Investigator:

Jan Czarnocki

Abstract:

The project aims to analyze and compare sensitive data protection in the EU and US, to improve understanding of the legitimacy of data processing and reasonable expectations of privacy in both jurisdictions. Since privacy and data protection might be the limiting factor to spearheading socio-economic cooperation in the digital sphere between the EU and the US, there is a need for a better mutual understanding of the limits of respective legal frameworks. These limits reveal themselves when privacy and data protection needs to grant the highest possible level of protection. Such a need is pertinent when sensitive data is processed.
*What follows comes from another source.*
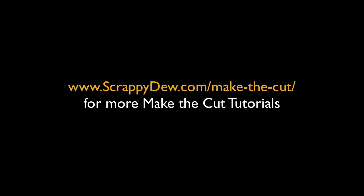I'm Rob with ScrappyDude.com. Check out our website and I hope to see you next time when we do another tutorial. We'll see you next time.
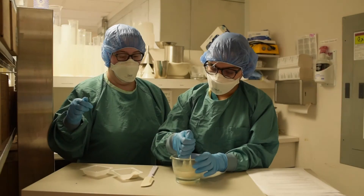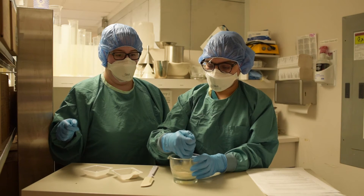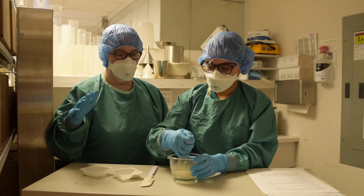In this scene, the technician is utilizing her scope of practice, providing supervision to a pharmacy student performing a restricted activity, such as compounding.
Sensitive data such as biometric, health, genetic, religious and philosophical beliefs, racial or ethnic origin, or data about sexual life are critical for privacy and other fundamental rights protection. To what extent and how sensitive data is protected signifies what the highest possible privacy and data protection level in a given jurisdiction is. Therefore, comparing the EU and the US framework for sensitive data protection may reveal crucial similarities and differences between both legal cultures of privacy and data protection. Such an inquiry is also important to better understand legitimate processing and what to reasonably expect regarding data protection in the EU and the US in general. First, the paper describes and analyzes the EU and US sensitive data protection frameworks. Then, it compares them, focusing on similarities in their scope and content. Later based on the outcomes of the previous analysis, it sketches what is legitimate and what to reasonably expect regarding special categories of data processing on both sides of the Atlantic, and finally, what it implies for future cooperation.